What is expected | Repeat the listing exactly, line by line, and leave the pictures behind.

Input data |
☆ ☆ ☆ ☆ ☆
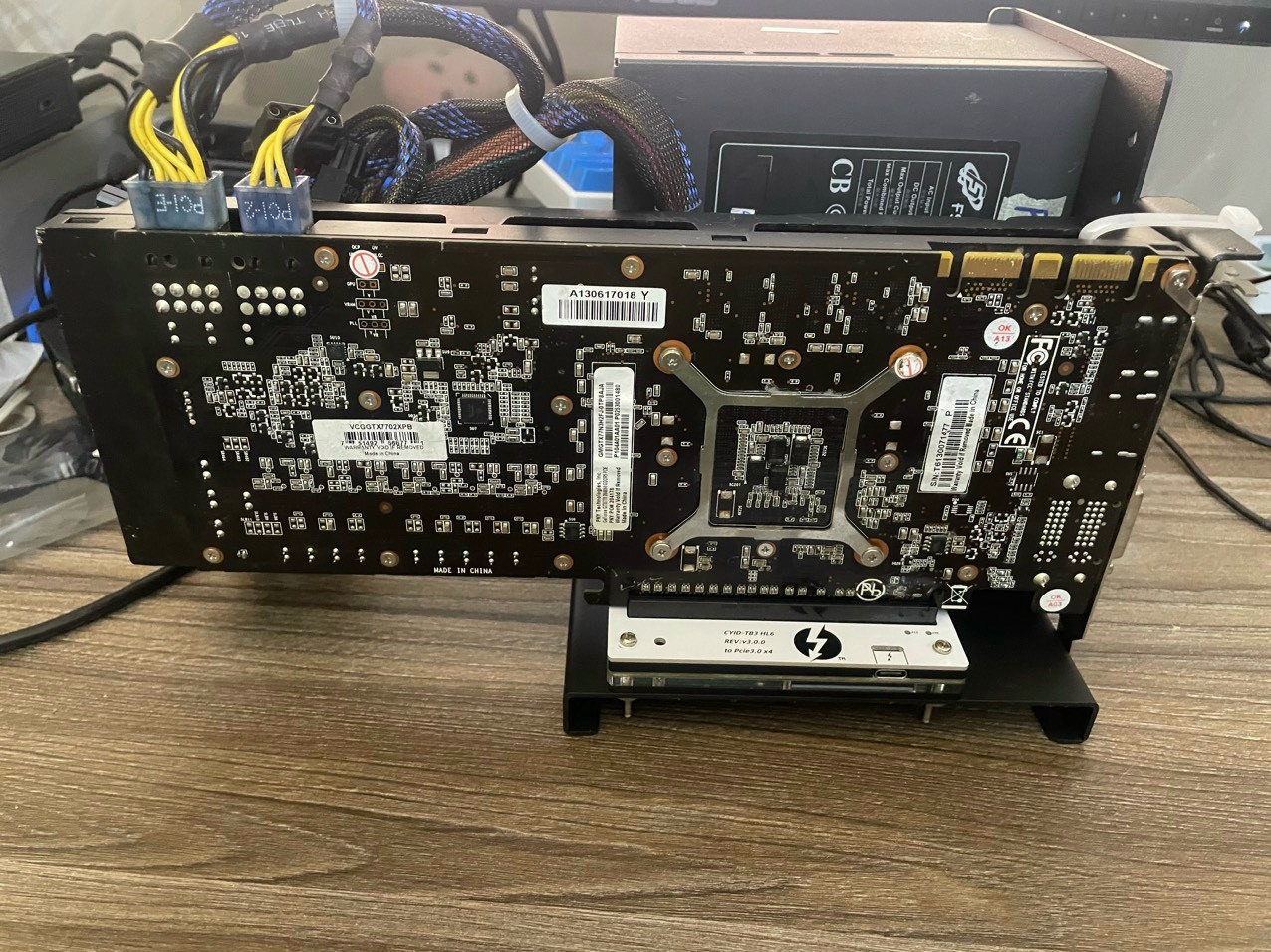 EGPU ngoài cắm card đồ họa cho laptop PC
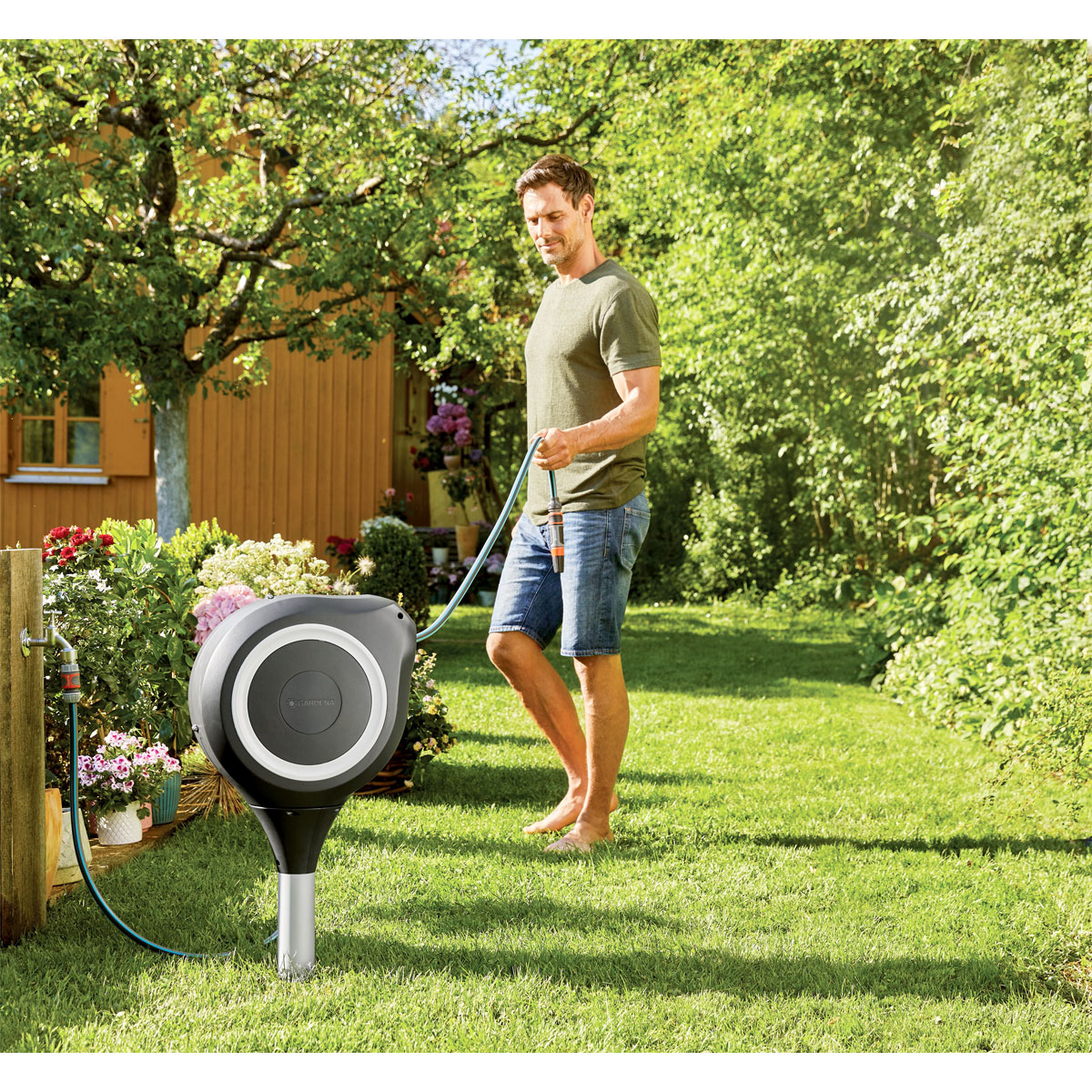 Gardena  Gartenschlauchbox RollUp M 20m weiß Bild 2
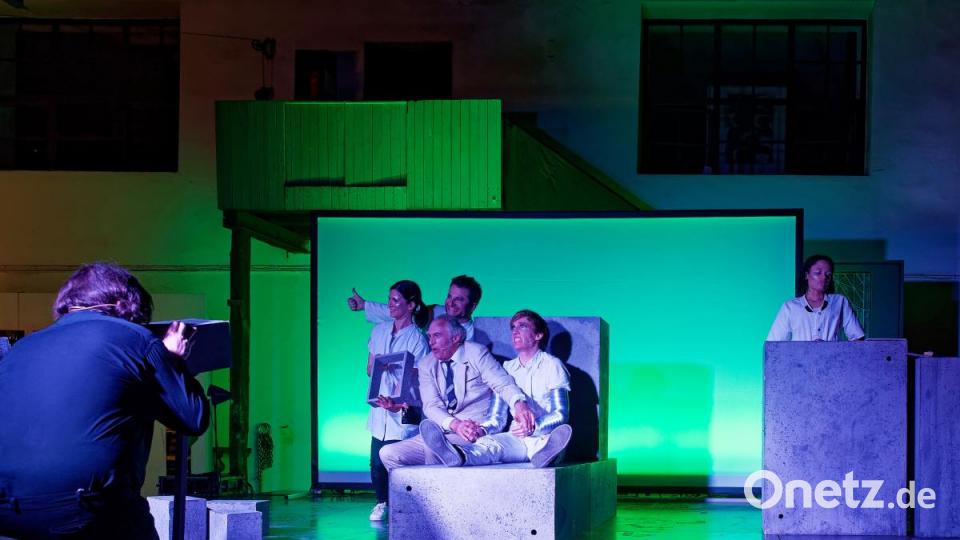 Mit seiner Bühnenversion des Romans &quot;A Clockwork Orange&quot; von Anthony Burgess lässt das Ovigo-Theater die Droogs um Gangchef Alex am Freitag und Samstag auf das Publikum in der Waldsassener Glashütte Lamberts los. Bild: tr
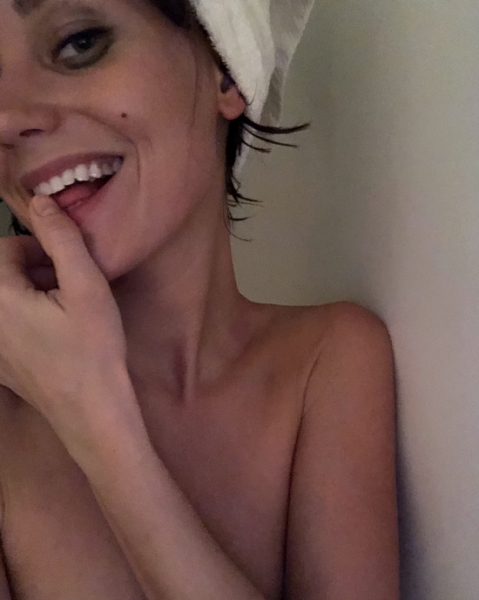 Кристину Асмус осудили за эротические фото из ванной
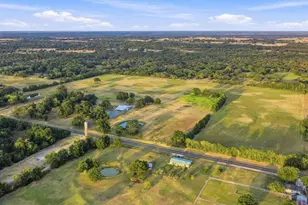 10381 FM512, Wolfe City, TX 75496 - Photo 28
☆ ☆ ☆ ☆ ☆
Response for this exercise |
 EGPU ngoài cắm card đồ họa cho laptop PC
 Gardena  Gartenschlauchbox RollUp M 20m weiß Bild 2
 Mit seiner Bühnenversion des Romans &quot;A Clockwork Orange&quot; von Anthony Burgess lässt das Ovigo-Theater die Droogs um Gangchef Alex am Freitag und Samstag auf das Publikum in der Waldsassener Glashütte Lamberts los. Bild: tr
 Кристину Асмус осудили за эротические фото из ванной
 10381 FM512, Wolfe City, TX 75496 - Photo 28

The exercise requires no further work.